Task item: The entries below contain a stretch that opens with the line containing "Download MP3 YAYA" and closes with the line containing "PRETTYLITTLETHING TRY ON HAUL 2022"; set down that stretch exactly, both ends included, and nothing else.

Records for this exercise START

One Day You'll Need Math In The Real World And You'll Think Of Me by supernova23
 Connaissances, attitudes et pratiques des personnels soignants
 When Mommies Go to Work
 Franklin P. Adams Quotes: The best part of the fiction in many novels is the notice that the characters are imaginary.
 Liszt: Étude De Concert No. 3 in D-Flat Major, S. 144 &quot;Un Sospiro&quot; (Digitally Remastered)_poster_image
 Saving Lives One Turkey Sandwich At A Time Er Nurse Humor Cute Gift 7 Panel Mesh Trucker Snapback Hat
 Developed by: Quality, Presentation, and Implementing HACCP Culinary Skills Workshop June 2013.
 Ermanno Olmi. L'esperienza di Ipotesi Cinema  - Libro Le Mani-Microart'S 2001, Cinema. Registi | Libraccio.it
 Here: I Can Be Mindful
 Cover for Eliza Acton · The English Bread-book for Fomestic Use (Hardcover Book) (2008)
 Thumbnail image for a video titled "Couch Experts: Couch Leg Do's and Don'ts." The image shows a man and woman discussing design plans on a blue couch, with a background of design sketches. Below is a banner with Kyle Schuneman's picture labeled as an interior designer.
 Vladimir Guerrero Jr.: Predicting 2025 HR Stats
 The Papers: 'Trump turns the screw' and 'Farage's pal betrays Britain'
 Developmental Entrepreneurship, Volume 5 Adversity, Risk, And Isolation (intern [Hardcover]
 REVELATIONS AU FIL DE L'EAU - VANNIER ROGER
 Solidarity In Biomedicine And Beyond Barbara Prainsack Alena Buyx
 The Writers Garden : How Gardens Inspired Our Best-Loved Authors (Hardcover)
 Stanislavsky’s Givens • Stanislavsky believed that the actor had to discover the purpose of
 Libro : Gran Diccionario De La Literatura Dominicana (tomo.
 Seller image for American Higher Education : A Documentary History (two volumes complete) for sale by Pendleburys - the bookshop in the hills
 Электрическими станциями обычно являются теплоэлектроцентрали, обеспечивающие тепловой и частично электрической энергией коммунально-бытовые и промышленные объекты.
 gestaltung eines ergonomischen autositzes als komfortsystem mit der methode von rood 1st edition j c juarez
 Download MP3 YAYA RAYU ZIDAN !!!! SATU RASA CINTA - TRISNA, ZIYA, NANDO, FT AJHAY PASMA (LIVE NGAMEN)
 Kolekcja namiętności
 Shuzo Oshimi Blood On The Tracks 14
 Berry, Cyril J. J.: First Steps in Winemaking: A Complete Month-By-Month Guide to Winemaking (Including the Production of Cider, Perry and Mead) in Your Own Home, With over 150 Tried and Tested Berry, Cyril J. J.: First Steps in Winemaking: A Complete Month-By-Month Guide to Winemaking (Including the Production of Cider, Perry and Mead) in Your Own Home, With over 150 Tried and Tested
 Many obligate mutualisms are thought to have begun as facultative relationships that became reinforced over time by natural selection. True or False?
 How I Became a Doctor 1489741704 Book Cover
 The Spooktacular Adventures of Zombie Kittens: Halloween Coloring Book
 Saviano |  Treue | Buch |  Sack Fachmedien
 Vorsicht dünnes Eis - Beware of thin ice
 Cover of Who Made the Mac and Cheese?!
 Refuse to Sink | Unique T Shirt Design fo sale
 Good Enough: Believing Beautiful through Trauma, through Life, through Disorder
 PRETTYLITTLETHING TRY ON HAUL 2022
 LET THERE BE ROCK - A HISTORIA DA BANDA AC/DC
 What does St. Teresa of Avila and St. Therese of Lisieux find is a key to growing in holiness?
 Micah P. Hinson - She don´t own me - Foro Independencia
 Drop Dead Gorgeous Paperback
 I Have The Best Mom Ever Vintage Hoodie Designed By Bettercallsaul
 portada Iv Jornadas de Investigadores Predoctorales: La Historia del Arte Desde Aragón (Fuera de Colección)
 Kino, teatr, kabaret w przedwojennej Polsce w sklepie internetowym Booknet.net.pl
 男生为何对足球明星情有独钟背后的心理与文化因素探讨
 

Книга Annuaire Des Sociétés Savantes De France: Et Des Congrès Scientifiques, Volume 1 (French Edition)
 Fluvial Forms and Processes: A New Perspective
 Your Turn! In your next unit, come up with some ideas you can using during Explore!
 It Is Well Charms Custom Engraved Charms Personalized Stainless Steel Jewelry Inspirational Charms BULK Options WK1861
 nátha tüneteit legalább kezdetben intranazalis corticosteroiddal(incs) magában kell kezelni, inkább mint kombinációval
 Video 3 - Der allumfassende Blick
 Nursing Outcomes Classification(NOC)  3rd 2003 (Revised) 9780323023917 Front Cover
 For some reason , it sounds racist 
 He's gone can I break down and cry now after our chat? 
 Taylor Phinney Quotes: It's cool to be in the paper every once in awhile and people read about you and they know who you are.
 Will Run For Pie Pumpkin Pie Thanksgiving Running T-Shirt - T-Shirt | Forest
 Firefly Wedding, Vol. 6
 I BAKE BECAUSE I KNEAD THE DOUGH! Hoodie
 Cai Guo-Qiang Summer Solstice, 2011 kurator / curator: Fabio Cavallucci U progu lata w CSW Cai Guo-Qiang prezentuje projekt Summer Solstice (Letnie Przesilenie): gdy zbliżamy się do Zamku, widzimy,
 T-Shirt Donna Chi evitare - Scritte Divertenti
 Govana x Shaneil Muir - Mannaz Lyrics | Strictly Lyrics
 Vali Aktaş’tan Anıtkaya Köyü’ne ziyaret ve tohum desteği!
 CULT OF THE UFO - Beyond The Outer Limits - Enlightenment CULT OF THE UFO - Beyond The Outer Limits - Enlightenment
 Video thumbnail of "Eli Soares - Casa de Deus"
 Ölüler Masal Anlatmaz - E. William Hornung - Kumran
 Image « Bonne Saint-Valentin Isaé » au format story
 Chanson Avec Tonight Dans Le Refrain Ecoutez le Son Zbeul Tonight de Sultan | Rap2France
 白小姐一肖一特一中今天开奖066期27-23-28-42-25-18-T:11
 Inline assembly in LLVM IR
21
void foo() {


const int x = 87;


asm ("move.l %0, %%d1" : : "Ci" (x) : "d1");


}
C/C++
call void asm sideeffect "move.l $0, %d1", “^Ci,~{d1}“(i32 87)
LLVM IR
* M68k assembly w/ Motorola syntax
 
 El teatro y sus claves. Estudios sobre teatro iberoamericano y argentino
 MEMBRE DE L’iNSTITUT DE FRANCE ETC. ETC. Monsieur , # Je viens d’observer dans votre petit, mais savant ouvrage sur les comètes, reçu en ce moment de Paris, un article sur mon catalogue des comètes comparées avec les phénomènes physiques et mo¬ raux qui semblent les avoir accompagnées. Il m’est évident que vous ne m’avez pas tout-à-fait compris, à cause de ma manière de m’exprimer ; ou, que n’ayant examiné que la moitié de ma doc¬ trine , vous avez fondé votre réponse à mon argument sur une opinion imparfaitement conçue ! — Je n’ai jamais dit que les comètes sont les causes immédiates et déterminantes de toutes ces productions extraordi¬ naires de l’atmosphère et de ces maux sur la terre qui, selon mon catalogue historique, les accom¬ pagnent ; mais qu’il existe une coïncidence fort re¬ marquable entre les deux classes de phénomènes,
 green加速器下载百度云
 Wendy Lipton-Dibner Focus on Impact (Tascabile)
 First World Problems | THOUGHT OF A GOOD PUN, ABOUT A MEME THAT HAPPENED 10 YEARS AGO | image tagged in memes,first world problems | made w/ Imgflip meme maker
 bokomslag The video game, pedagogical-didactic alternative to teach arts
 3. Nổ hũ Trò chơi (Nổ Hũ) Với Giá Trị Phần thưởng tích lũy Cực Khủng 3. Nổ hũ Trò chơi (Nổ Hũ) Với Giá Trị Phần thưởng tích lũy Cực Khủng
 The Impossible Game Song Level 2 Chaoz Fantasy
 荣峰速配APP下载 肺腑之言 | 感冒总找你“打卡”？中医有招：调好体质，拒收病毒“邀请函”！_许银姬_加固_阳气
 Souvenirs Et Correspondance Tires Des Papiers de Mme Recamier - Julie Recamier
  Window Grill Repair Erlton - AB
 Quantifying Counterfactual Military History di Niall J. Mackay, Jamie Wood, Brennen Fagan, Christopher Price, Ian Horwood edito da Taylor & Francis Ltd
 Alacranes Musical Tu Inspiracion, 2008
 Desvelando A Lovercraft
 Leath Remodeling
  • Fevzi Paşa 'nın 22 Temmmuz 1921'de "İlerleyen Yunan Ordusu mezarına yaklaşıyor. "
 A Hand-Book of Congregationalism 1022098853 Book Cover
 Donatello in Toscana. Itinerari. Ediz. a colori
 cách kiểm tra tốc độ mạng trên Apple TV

Records for this exercise END

Task answer:
 Download MP3 YAYA RAYU ZIDAN !!!! SATU RASA CINTA - TRISNA, ZIYA, NANDO, FT AJHAY PASMA (LIVE NGAMEN)
 Kolekcja namiętności
 Shuzo Oshimi Blood On The Tracks 14
 Berry, Cyril J. J.: First Steps in Winemaking: A Complete Month-By-Month Guide to Winemaking (Including the Production of Cider, Perry and Mead) in Your Own Home, With over 150 Tried and Tested Berry, Cyril J. J.: First Steps in Winemaking: A Complete Month-By-Month Guide to Winemaking (Including the Production of Cider, Perry and Mead) in Your Own Home, With over 150 Tried and Tested
 Many obligate mutualisms are thought to have begun as facultative relationships that became reinforced over time by natural selection. True or False?
 How I Became a Doctor 1489741704 Book Cover
 The Spooktacular Adventures of Zombie Kittens: Halloween Coloring Book
 Saviano |  Treue | Buch |  Sack Fachmedien
 Vorsicht dünnes Eis - Beware of thin ice
 Cover of Who Made the Mac and Cheese?!
 Refuse to Sink | Unique T Shirt Design fo sale
 Good Enough: Believing Beautiful through Trauma, through Life, through Disorder
 PRETTYLITTLETHING TRY ON HAUL 2022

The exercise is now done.